• ACTIVITY: Copy every record below exactly, leaving out any pictures.

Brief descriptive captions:
○ ○ ○ ○ ○
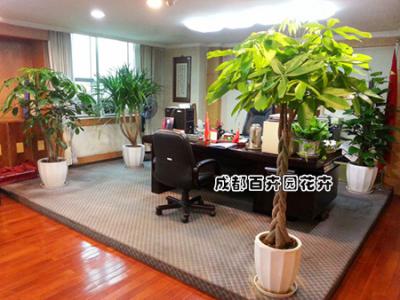 某公司老总办公室植物租摆案例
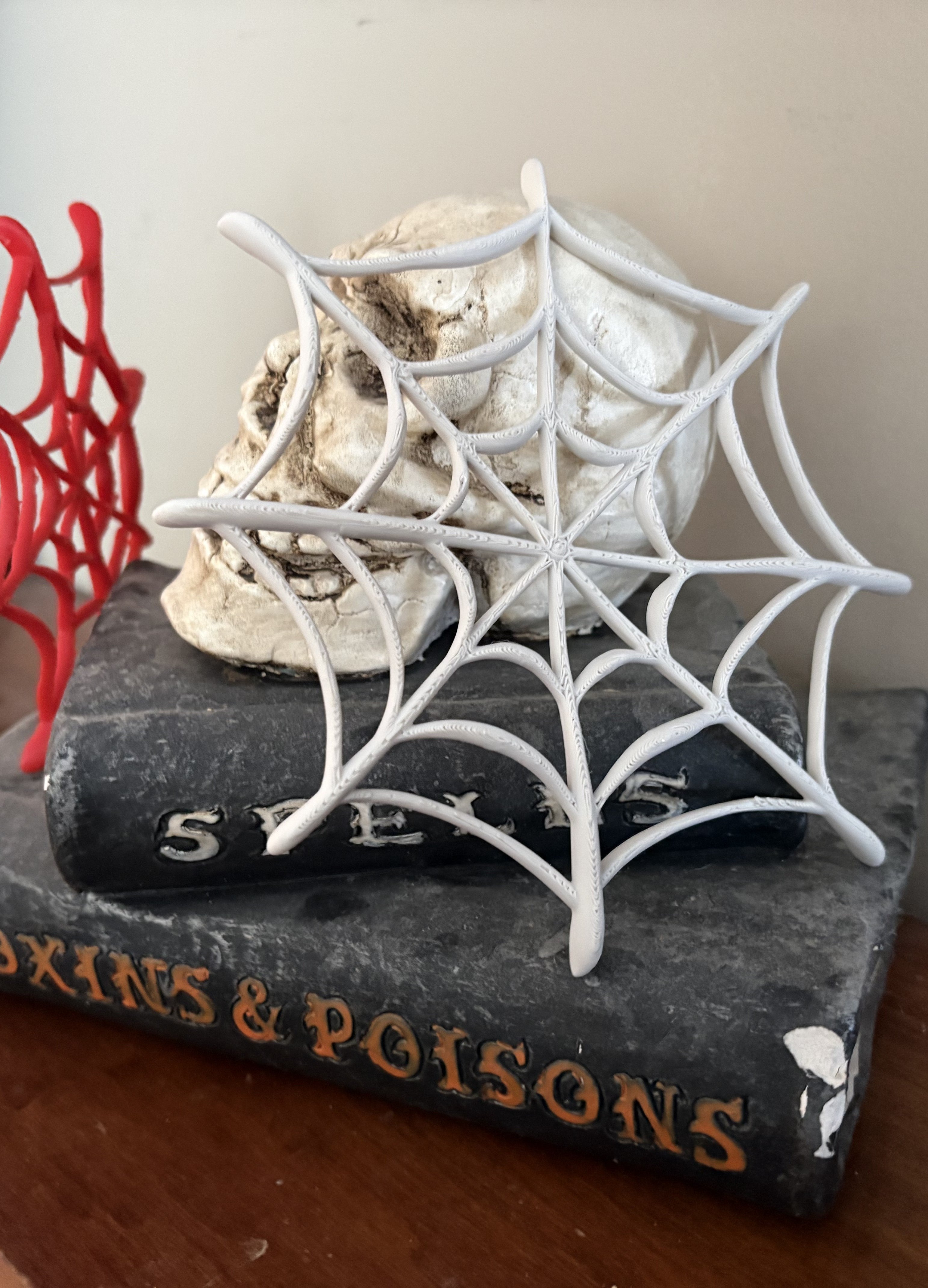 Halloween Spider Web Decoration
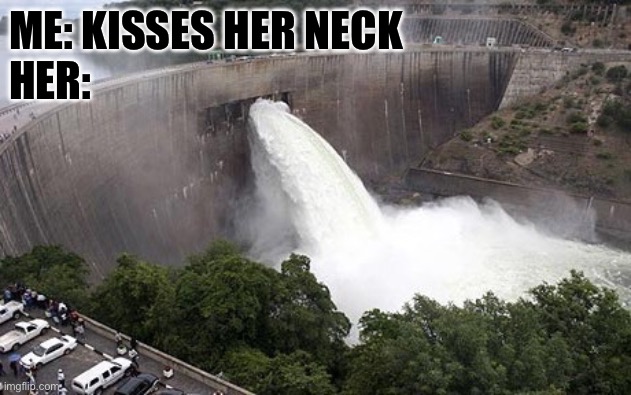 Kisses neck | ME: KISSES HER NECK
HER: | image tagged in floodgate,neck,kiss,wet | made w/ Imgflip meme maker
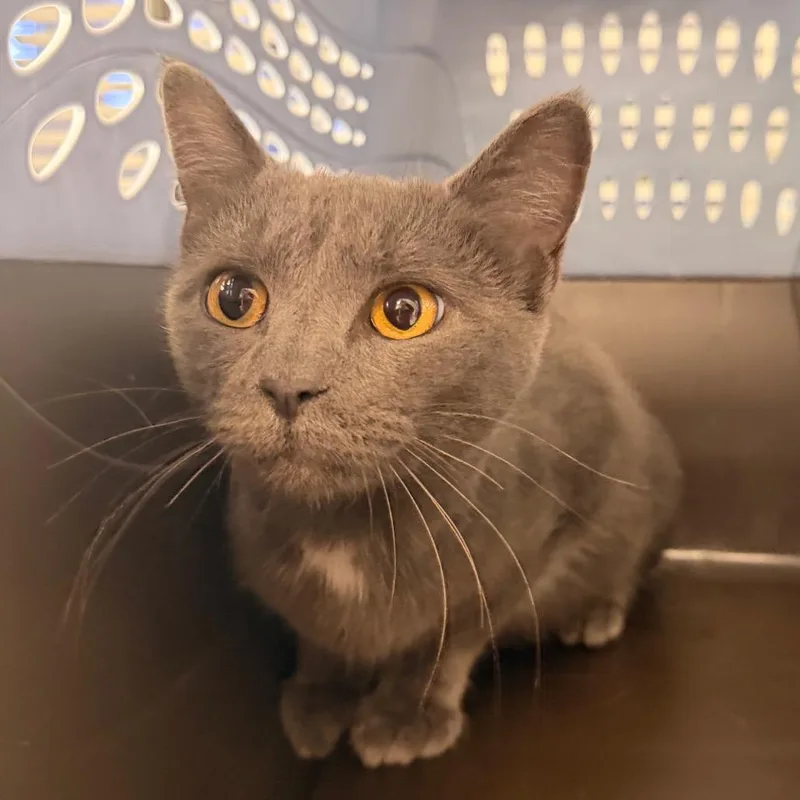 A young medium-sized female Gray / Blue / Silver Domestic Short Hair cat named Laurie for adoption in Indianapolis, IN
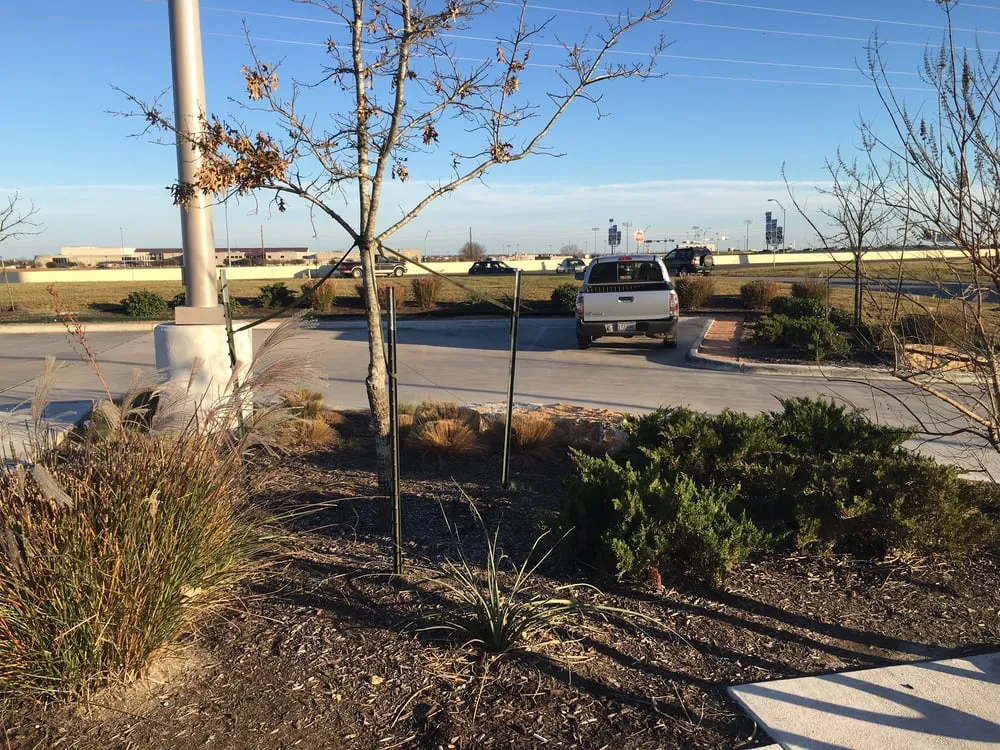 Local landscape installation experts serving Round Rock, TX - Texas Landscape Creations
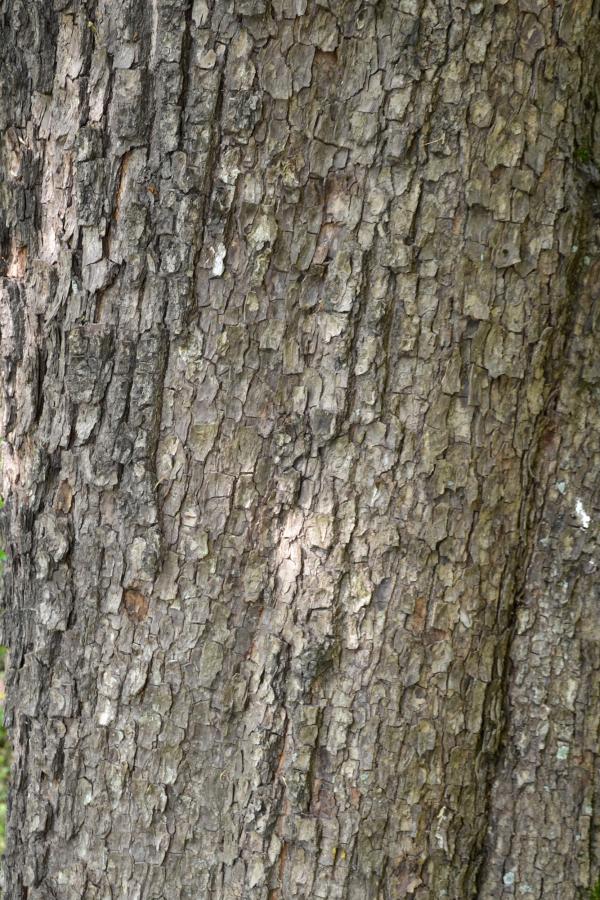 Bark of field maple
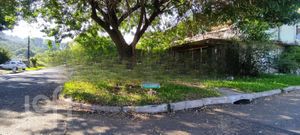 Image 16 - 904564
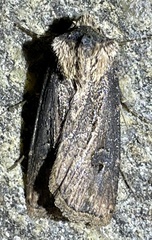 Agrotis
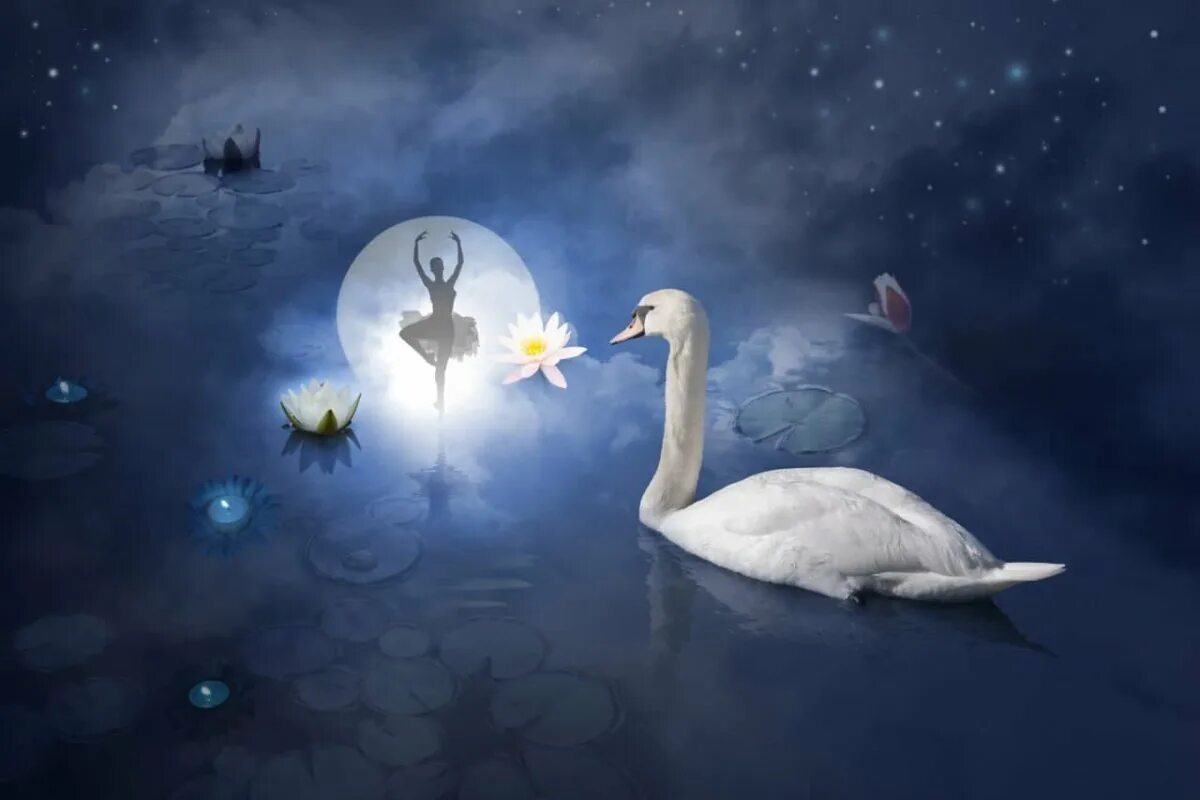 Луна и лебеди. Лебедь озеро и Луна. Лебеди под луной. Лебединое озеро Луна. Луна лебединая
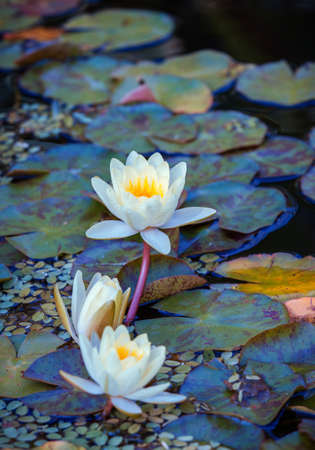 Beautiful water lily flower in blooming on the pondの写真素材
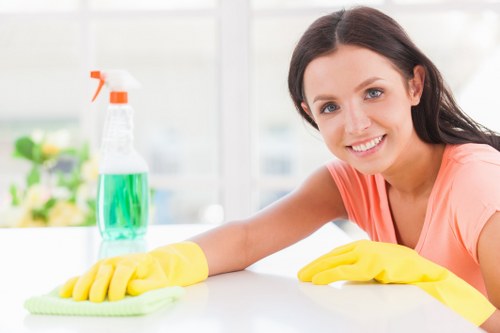 Professional upholstery cleaning in a Westhampstead living room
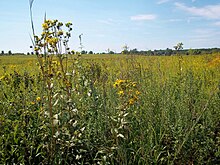 Tallgrass prairie flora (Midewin National Tallgrass Prairie) Midewin1.JPG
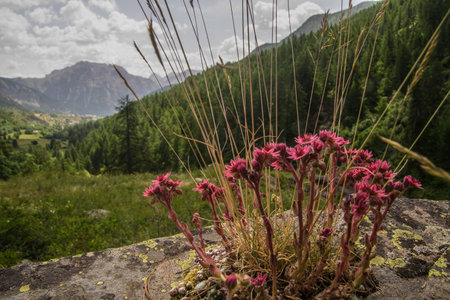 Sempervivum, nevache, hautes alpes, franceの写真素材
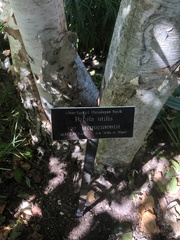 Betula utilis jacquemontii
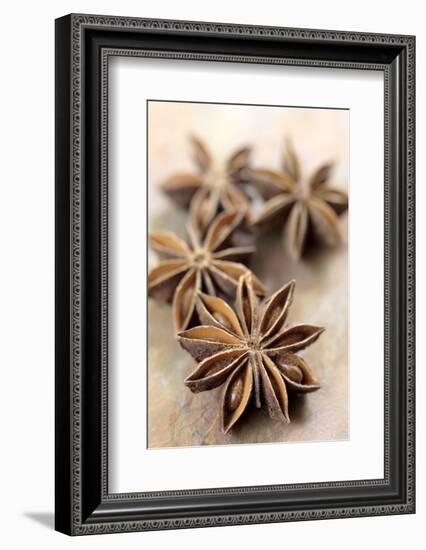 Star Anise-Neil Overy-Framed Photographic Print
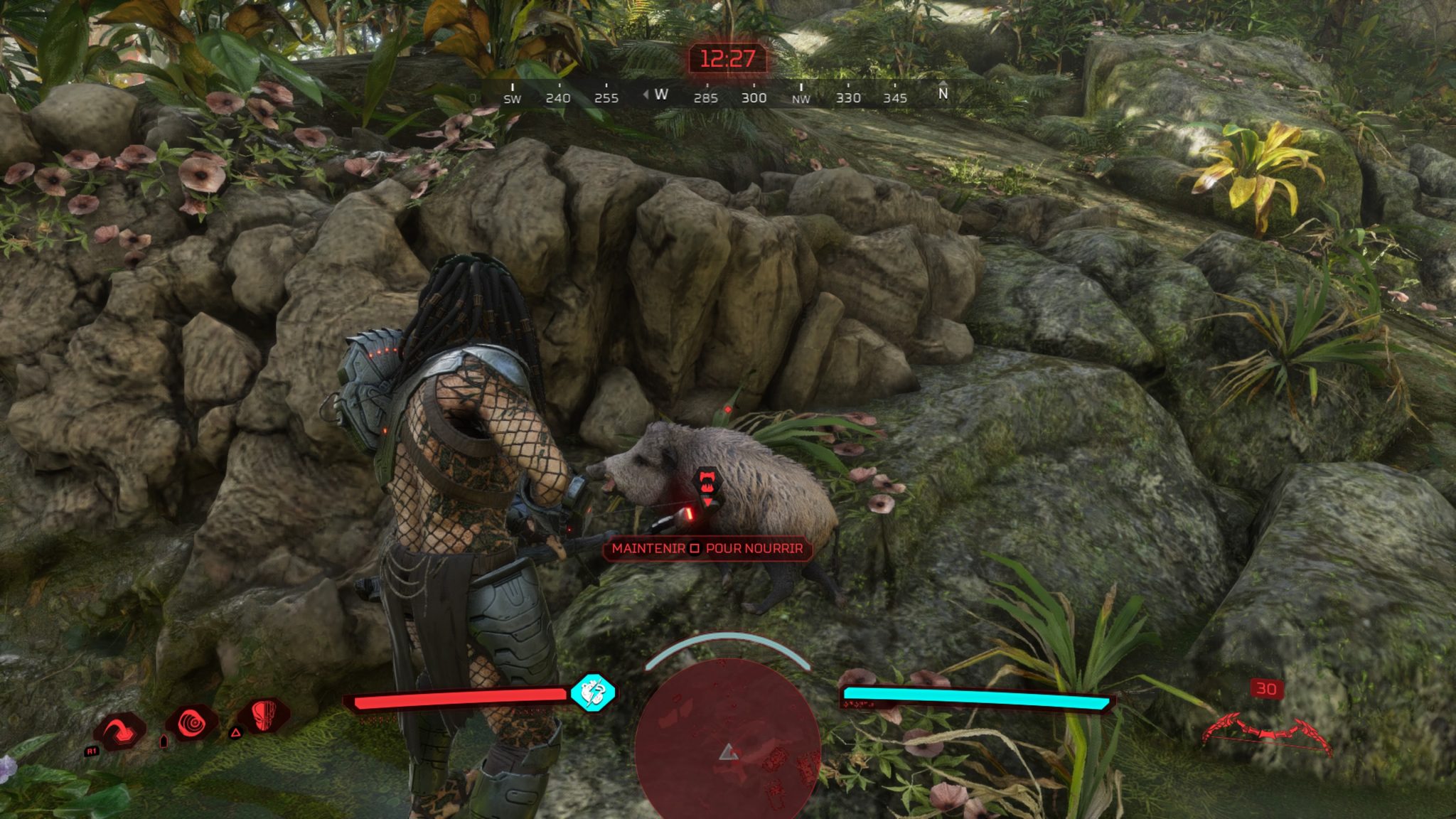Predator: hunting grounds cochon soin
○ ○ ○ ○ ○
• EXERCISE OUTPUT:
 某公司老总办公室植物租摆案例
 Halloween Spider Web Decoration
 Kisses neck | ME: KISSES HER NECK
HER: | image tagged in floodgate,neck,kiss,wet | made w/ Imgflip meme maker
 A young medium-sized female Gray / Blue / Silver Domestic Short Hair cat named Laurie for adoption in Indianapolis, IN
 Local landscape installation experts serving Round Rock, TX - Texas Landscape Creations
 Bark of field maple
 Image 16 - 904564
 Agrotis
 Луна и лебеди. Лебедь озеро и Луна. Лебеди под луной. Лебединое озеро Луна. Луна лебединая
 Beautiful water lily flower in blooming on the pondの写真素材
 Professional upholstery cleaning in a Westhampstead living room
 Tallgrass prairie flora (Midewin National Tallgrass Prairie) Midewin1.JPG
 Sempervivum, nevache, hautes alpes, franceの写真素材
 Betula utilis jacquemontii
 Star Anise-Neil Overy-Framed Photographic Print
Predator: hunting grounds cochon soin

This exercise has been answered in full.